* _Material for this task_
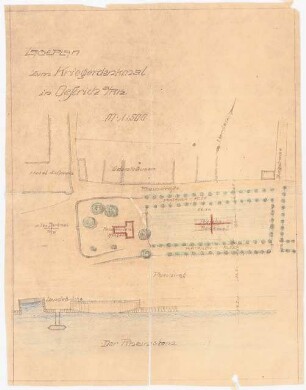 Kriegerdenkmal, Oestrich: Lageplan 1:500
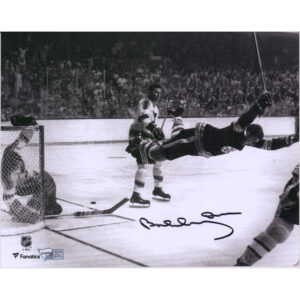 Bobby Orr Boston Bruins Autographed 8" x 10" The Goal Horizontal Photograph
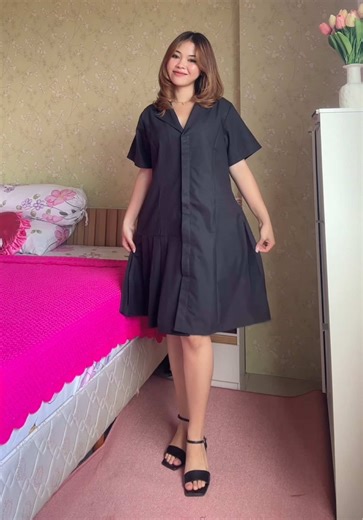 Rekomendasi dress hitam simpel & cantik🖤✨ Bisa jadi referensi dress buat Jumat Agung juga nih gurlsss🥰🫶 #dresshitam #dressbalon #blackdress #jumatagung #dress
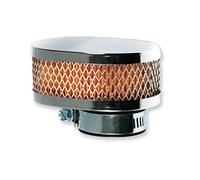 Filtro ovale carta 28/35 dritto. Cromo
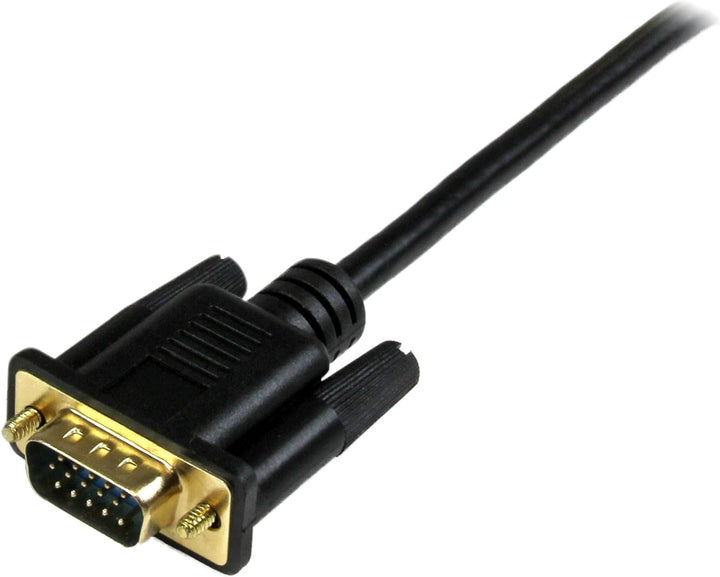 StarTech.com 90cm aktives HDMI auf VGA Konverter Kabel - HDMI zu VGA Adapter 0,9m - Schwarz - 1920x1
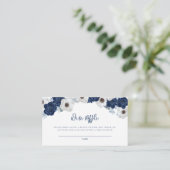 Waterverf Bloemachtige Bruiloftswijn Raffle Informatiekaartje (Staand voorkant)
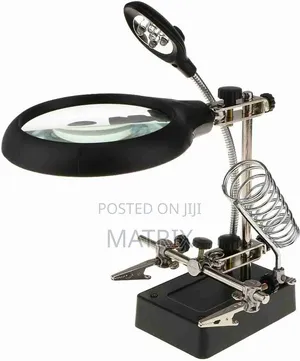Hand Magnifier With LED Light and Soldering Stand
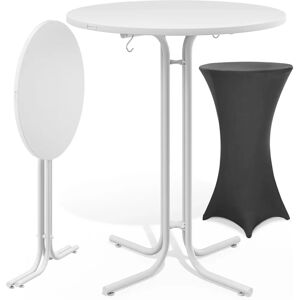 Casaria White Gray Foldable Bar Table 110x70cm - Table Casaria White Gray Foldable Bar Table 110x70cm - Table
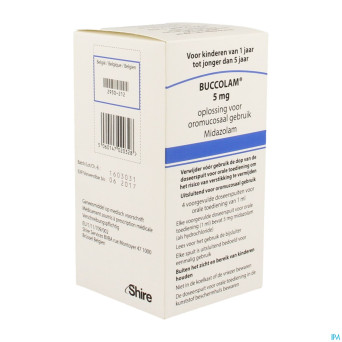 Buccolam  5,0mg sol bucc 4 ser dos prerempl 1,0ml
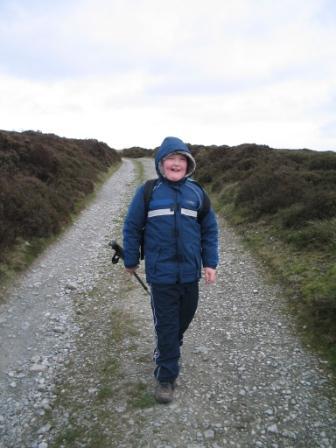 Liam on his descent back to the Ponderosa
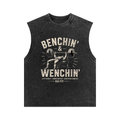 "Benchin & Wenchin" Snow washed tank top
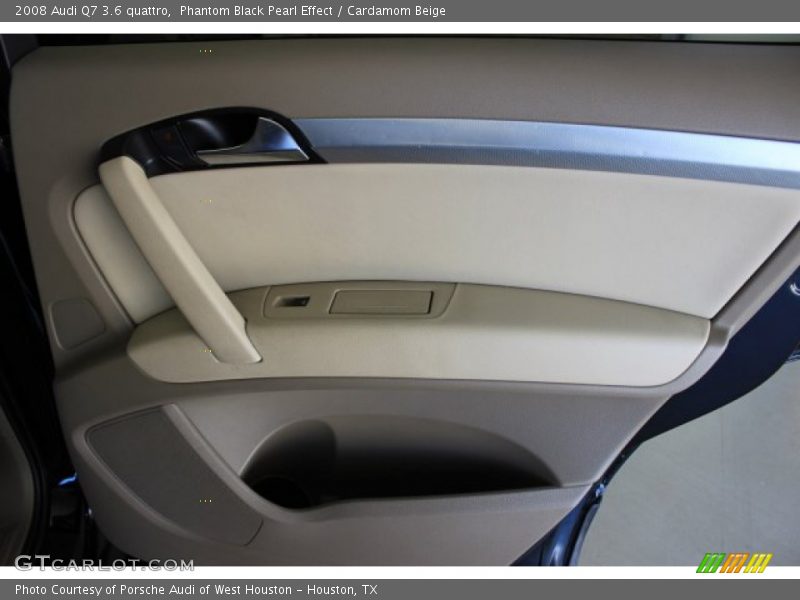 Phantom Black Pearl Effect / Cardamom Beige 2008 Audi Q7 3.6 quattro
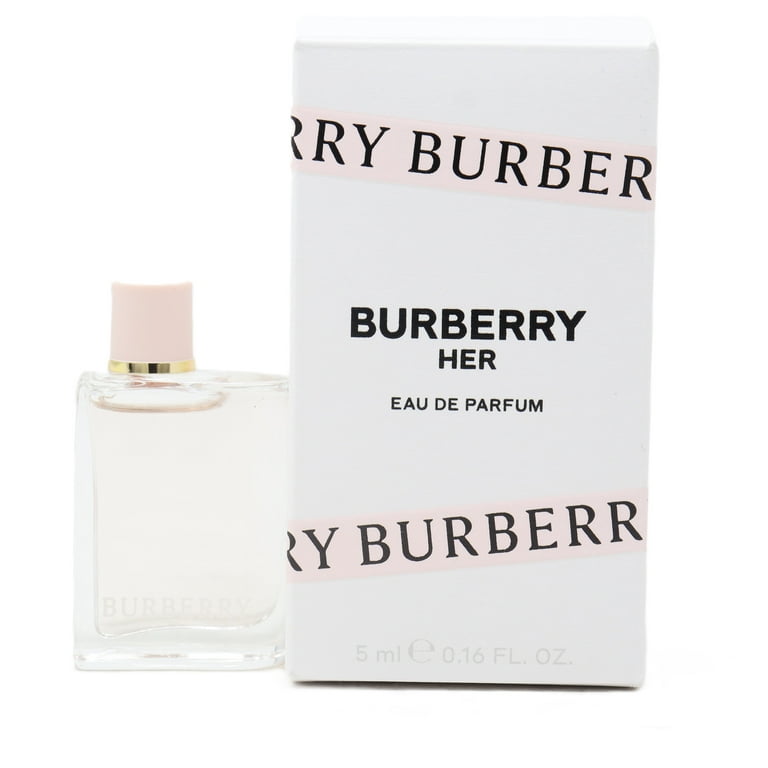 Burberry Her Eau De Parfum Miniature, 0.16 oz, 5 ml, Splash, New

...

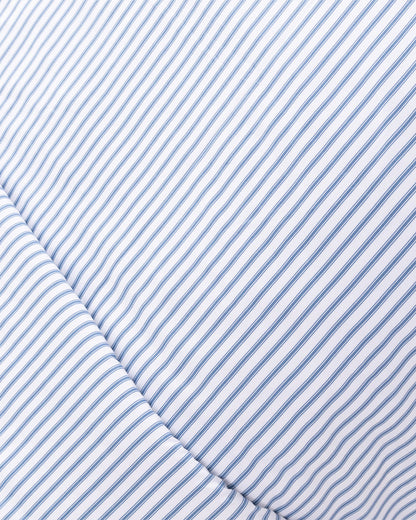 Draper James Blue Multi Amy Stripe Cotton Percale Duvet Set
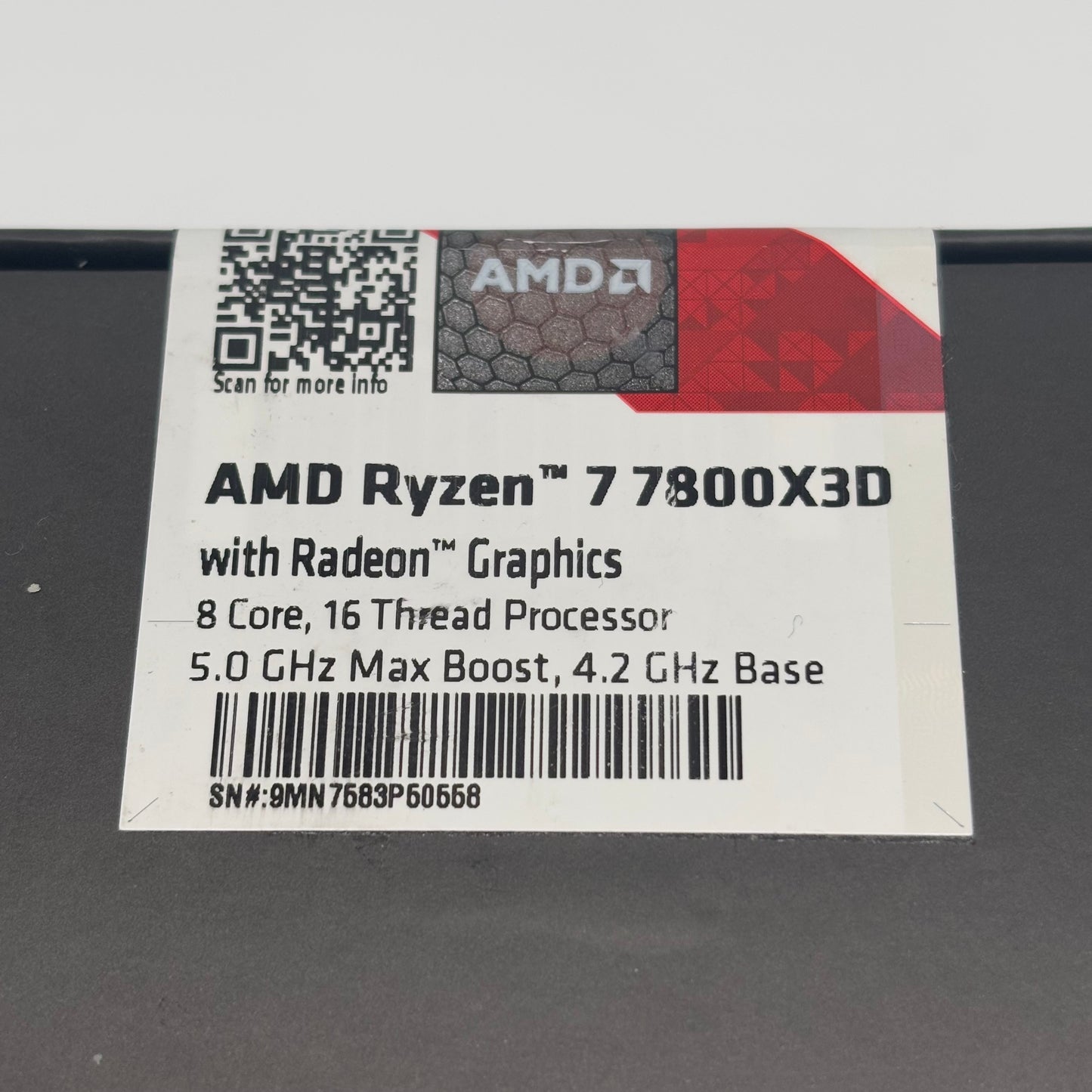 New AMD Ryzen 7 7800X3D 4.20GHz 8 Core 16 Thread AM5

* _Required work_
Write out word for word the lines of the listing above from the line with "Phantom Black Pearl" to the line with "Burberry Her Eau", taking in both of those lines but no pictures.

* _Task output_
 Phantom Black Pearl Effect / Cardamom Beige 2008 Audi Q7 3.6 quattro
 Burberry Her Eau De Parfum Miniature, 0.16 oz, 5 ml, Splash, New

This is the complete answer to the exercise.